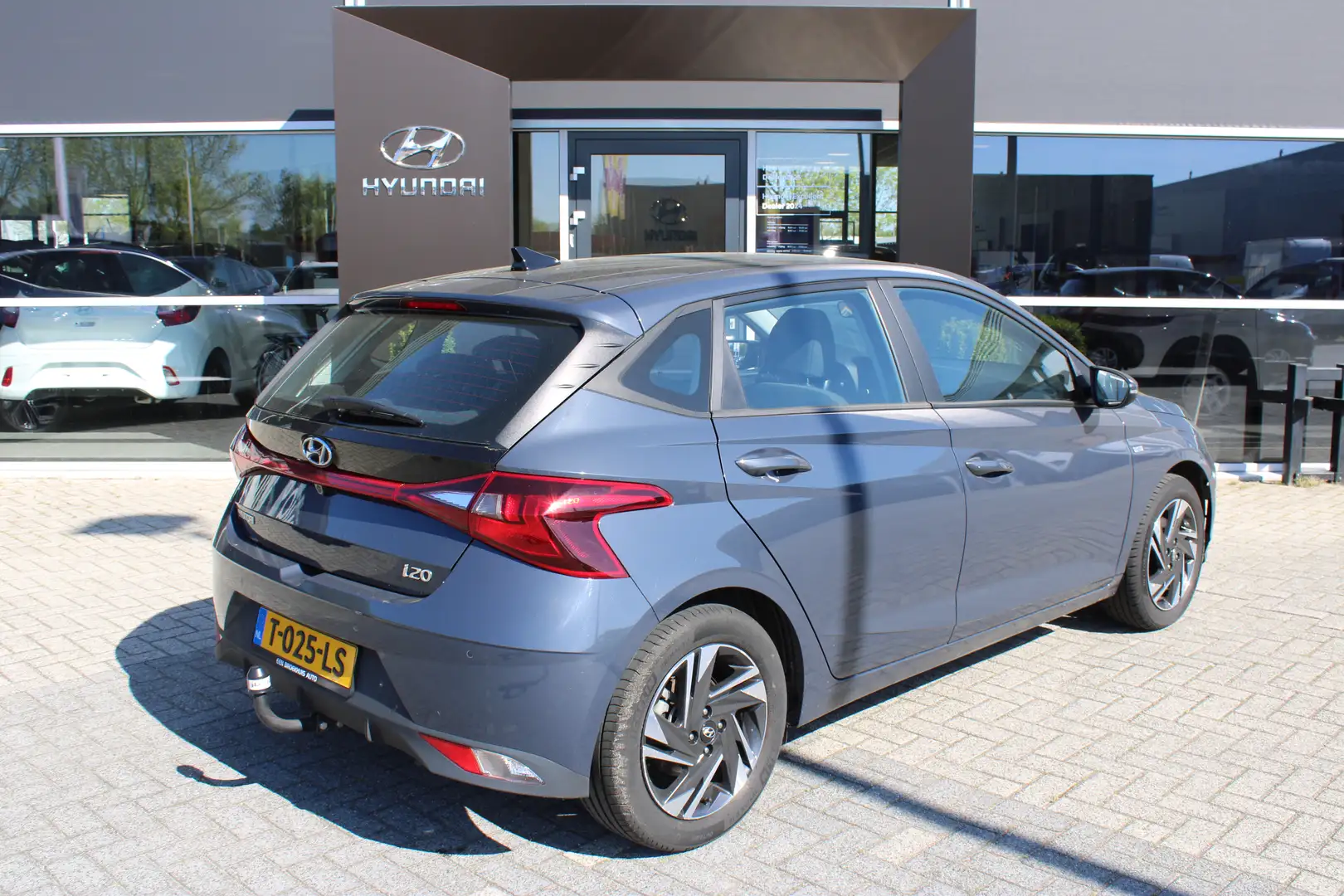 Hyundai i20 1.0 T-GDI Comfort Smart | Trekhaak | Handgeschakel Grigio - 2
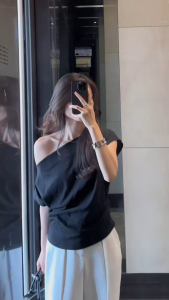 Áo thun màu đen mới thiết kế lệch vai không đều chui đầu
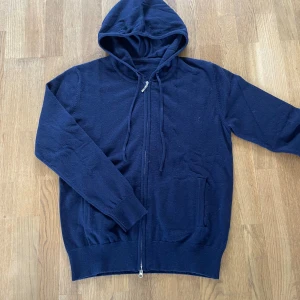 Kashmir zip hoodie  - En riktigt snygg mörkblå kashmir zip hoodie!🌟 Storlek S. Använd max 2-3 gånger, inga defekter eller tecken på användning! Hör av dig vid intresse eller minsta fundering!🙏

· · · · · · ·

» **Your task**: Leaving every picture out, output the data exactly as it stands.

» **Solution to the problem**:
 Hyundai i20 1.0 T-GDI Comfort Smart | Trekhaak | Handgeschakel Grigio - 2
 Áo thun màu đen mới thiết kế lệch vai không đều chui đầu
 Kashmir zip hoodie  - En riktigt snygg mörkblå kashmir zip hoodie!🌟 Storlek S. Använd max 2-3 gånger, inga defekter eller tecken på användning! Hör av dig vid intresse eller minsta fundering!🙏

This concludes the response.